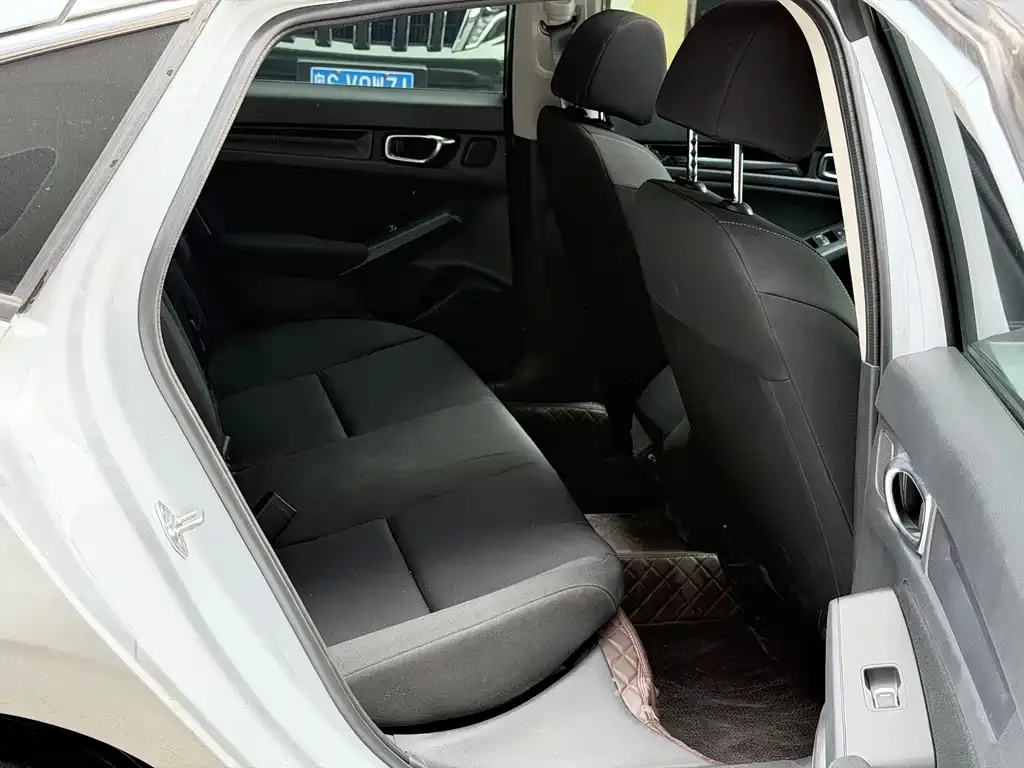 Honda Civic — фото 6
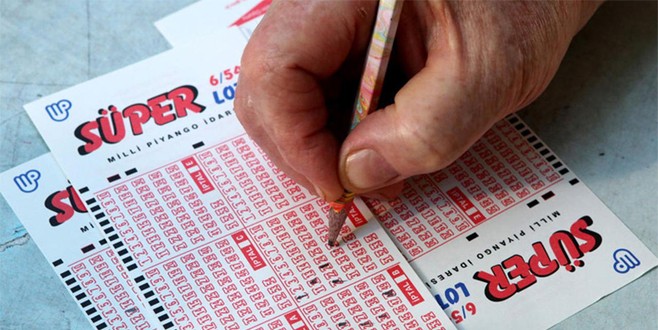 Süper Loto yine devretti!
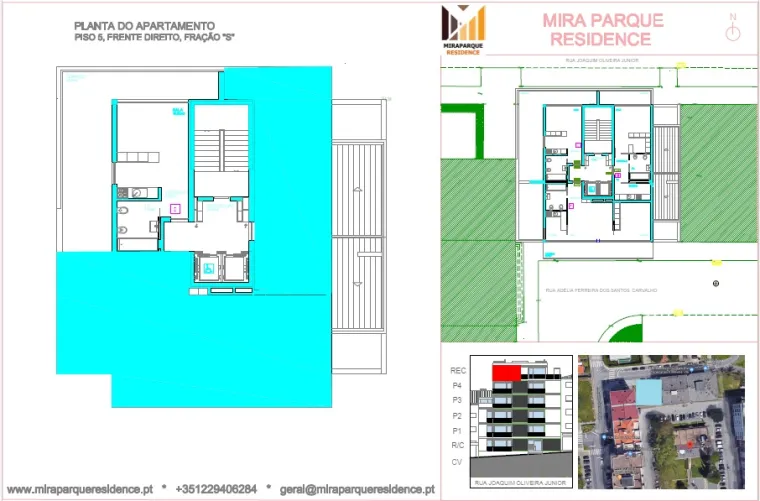 Mira Parque Residence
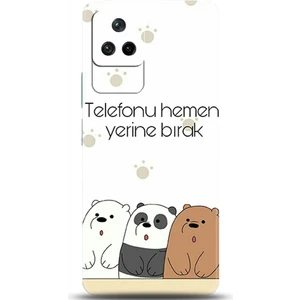 Phone Kılıf Xiaomi Poco F4 Kılıf Hd Baskılı Kılıf - Followed Institution 0023
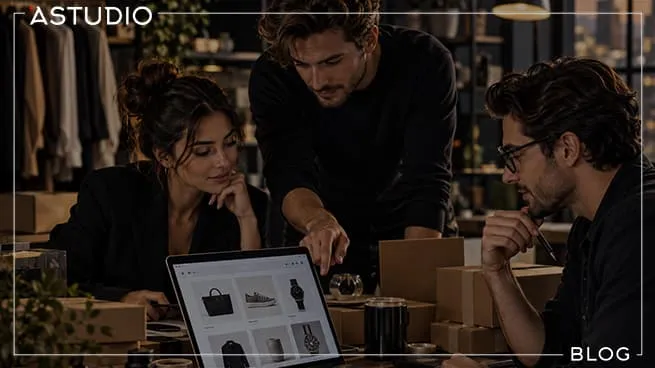 How to open an online shop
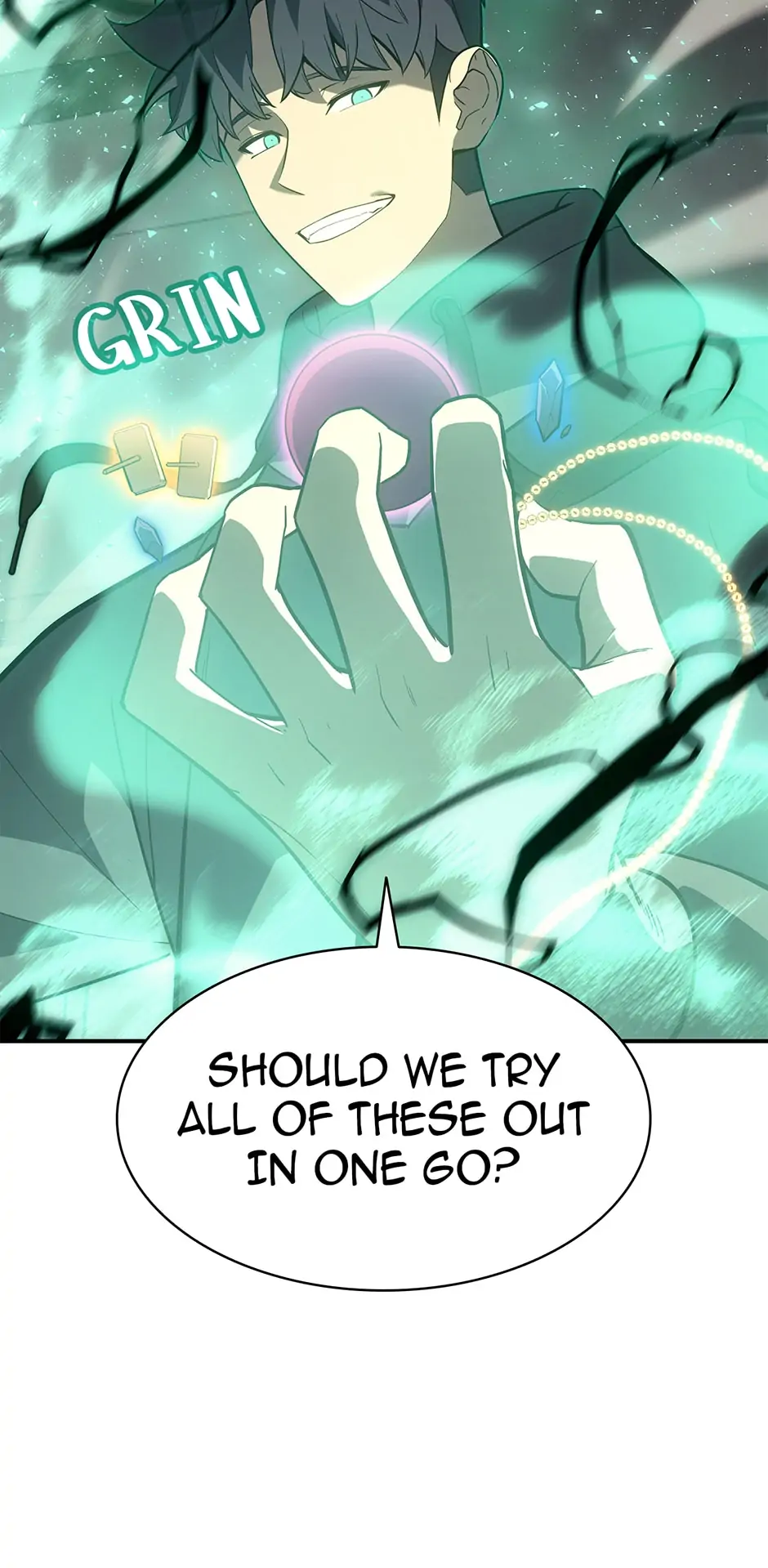 Read The Return of the Disaster-Class Hero EN Manga Online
──────────────────────────────
- ACTIVITY: Now reproduce all of the entries precisely, with no pictures in the copy.

- PROBLEM SOLUTION:
 Honda Civic — фото 6
 Süper Loto yine devretti!
 Mira Parque Residence
 Phone Kılıf Xiaomi Poco F4 Kılıf Hd Baskılı Kılıf - Followed Institution 0023
 How to open an online shop
 Read The Return of the Disaster-Class Hero EN Manga Online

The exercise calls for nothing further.